** DATA FOR PROCESSING follows **

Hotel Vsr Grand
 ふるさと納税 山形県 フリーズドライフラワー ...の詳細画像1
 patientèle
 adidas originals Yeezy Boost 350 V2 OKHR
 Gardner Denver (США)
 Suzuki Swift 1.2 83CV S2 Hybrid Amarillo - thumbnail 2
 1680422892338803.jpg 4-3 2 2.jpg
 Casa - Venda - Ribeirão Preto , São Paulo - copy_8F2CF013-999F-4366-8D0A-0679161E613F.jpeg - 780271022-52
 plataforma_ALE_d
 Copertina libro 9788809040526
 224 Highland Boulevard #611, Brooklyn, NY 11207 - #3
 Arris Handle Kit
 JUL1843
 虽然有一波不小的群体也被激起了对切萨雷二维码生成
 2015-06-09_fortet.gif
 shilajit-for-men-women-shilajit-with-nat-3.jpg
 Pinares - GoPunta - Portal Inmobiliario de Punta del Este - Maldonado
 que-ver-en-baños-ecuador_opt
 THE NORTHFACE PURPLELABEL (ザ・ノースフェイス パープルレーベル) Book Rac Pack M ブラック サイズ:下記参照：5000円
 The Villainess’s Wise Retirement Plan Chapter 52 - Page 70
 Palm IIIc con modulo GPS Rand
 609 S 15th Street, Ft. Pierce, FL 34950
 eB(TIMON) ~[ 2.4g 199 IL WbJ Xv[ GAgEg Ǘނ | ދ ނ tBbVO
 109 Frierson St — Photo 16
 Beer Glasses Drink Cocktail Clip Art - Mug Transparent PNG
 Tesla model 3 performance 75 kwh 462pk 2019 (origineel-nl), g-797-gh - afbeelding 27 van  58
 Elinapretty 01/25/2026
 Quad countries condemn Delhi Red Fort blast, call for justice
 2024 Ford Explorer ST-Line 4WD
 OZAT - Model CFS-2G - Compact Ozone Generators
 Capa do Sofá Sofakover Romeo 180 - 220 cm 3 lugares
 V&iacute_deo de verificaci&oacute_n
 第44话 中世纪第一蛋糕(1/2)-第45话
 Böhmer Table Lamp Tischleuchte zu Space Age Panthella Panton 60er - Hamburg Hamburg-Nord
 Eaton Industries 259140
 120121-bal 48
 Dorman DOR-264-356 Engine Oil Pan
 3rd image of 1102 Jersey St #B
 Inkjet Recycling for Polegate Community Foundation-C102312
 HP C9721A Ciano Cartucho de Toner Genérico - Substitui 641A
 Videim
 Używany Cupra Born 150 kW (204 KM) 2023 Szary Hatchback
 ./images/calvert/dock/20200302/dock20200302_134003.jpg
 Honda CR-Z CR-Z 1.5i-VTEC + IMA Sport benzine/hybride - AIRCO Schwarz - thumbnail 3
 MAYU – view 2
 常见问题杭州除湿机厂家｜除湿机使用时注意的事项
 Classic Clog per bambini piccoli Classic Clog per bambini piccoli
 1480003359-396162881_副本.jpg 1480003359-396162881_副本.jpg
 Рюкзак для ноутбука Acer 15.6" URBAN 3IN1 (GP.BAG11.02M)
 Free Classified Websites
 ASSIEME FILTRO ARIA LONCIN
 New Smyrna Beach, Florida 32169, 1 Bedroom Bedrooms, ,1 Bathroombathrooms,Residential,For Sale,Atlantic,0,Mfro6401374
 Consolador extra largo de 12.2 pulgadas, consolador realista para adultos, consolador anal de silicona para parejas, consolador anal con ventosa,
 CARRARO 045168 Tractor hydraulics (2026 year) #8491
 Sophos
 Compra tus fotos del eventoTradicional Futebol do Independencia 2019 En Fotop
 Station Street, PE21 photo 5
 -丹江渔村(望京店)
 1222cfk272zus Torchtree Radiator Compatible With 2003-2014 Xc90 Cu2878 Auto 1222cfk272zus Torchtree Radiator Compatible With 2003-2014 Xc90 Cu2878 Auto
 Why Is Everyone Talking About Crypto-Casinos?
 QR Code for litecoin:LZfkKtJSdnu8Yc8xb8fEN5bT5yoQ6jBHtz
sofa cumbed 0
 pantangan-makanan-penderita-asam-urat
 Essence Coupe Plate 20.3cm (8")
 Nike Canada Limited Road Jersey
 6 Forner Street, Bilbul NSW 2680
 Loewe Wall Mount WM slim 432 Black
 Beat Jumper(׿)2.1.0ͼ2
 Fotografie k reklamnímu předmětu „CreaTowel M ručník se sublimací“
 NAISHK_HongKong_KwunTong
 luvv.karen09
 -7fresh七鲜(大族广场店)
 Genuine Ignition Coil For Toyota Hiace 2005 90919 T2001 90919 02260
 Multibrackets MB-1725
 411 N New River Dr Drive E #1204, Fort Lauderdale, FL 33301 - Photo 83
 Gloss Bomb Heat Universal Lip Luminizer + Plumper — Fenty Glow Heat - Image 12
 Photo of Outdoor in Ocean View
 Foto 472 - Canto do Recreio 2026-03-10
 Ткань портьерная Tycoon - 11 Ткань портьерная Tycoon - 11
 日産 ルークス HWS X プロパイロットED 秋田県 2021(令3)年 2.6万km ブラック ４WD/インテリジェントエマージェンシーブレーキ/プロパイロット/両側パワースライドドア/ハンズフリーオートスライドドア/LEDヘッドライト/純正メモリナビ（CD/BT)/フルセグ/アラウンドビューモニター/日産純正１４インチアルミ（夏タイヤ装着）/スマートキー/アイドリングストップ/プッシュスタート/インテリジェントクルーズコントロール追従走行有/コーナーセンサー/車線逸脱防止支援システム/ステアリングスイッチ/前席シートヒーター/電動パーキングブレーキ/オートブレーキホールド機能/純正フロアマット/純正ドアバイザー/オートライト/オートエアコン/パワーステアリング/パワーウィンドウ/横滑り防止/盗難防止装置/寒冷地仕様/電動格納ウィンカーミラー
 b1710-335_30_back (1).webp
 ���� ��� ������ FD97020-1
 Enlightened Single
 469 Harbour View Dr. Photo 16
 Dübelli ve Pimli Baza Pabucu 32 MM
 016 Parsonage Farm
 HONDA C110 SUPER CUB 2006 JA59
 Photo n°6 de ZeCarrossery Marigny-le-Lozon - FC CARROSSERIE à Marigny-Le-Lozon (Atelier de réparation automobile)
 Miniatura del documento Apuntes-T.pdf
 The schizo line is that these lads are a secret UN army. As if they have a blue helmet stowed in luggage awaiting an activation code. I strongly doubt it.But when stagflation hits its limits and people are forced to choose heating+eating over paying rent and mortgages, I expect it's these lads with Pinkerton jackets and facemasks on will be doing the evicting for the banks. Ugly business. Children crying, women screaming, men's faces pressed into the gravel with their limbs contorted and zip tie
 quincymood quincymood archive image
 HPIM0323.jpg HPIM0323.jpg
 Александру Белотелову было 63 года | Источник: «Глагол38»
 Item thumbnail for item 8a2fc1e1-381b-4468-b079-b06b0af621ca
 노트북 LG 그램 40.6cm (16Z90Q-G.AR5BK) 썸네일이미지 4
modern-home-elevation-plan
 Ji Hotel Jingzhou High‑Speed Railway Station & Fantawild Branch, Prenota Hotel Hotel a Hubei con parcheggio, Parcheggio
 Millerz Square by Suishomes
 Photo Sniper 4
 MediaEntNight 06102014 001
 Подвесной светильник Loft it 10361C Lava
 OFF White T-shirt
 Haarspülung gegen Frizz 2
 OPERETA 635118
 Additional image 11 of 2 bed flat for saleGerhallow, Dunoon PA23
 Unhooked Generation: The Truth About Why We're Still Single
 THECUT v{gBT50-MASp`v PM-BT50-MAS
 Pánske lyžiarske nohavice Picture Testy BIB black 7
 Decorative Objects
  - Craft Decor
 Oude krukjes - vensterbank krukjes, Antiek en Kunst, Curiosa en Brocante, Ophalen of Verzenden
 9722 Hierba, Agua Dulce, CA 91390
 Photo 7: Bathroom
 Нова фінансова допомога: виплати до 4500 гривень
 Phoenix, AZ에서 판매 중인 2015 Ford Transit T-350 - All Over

** End of DATA FOR PROCESSING **

**YOUR TASK**
What number of lines in the records hold "Station"? Reply with that number alone.

**EXERCISE ANSWER**
2